Downbeat: A screen displays Moody’s ticker information at the New York Stock Exchange in this file photograph. Moody’s has projected SA’s real GDP growth at 0.5% in 2017, rising to 1.2% in 2018 – both below Treasury projections of 1.7% and 2%, respectively. Picture: REUTERS
Downbeat: A screen displays Moody’s ticker information at the New York Stock Exchange in this file photograph. Moody’s has projected SA’s real GDP growth at 0.5% in 2017, rising to 1.2% in 2018 – both below Treasury projections of 1.7% and 2%, respectively.
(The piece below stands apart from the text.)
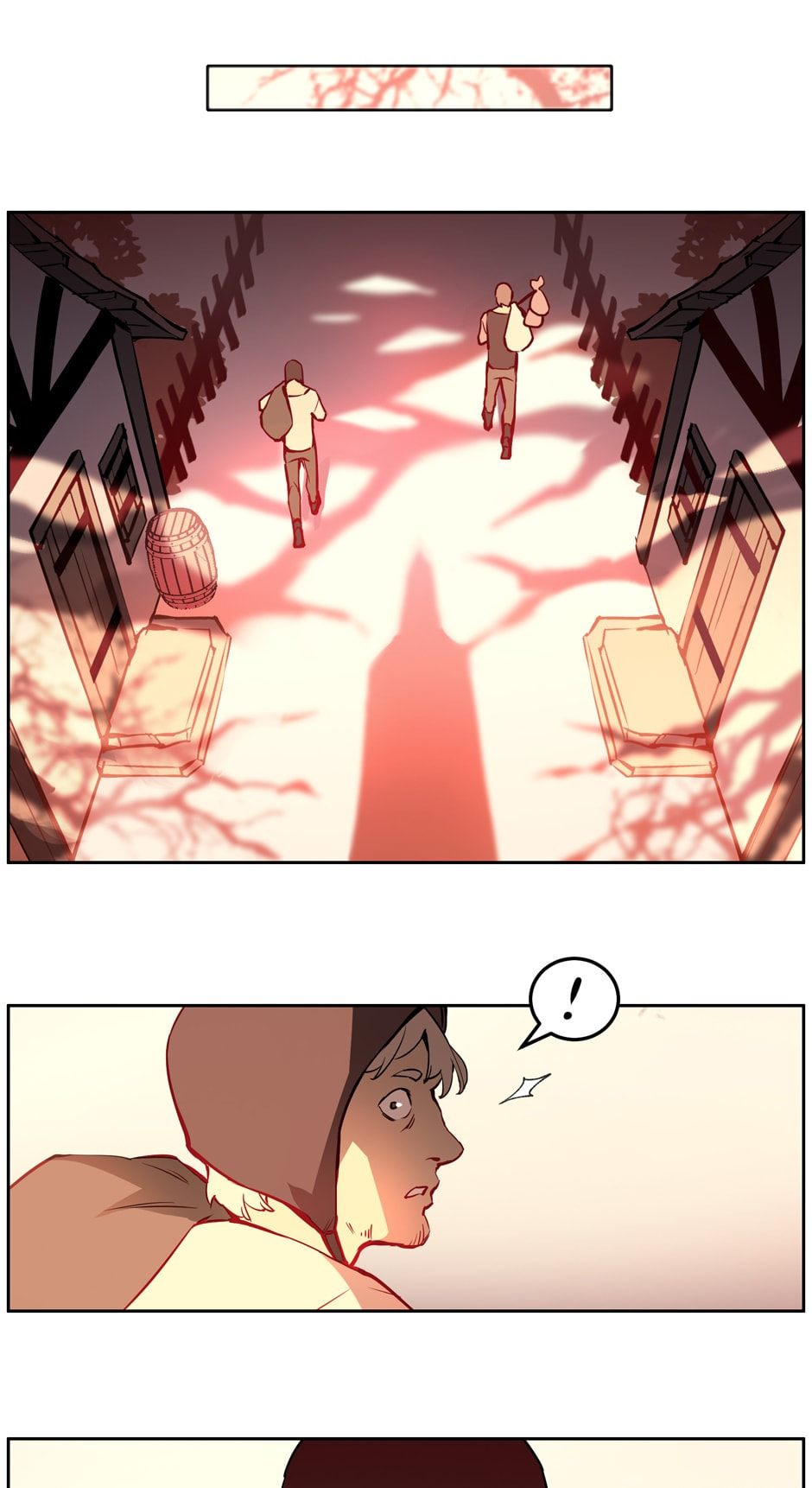 Mofa Shi De Xuetu Chapter 11 page 1 -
Picture: REUTERS

Credit ratings agency Moody’s Investors Service expects profits in the South African banking system to wane over the next year-and-a-half as low growth, and weak consumer and investor confidence, which are not expected to improve, take their toll on the sector.

Moody’s has projected SA’s real GDP at 0.5% in 2017, growing to 1.2% in 2018.

Both forecasts are less than the Treasury’s projections of 1.7% and 2%, respectively.

Moody’s forecasts are in line with the Reserve Bank’s.

“Our negative outlook for South Africa’s banking system is mainly due to the weak operating conditions, which will challenge banks’ loan quality and profitability,” said Nondas Nicolaides, a vice-president at the ratings agency.

Reserve Bank filings show that banks are not signing on many new loans.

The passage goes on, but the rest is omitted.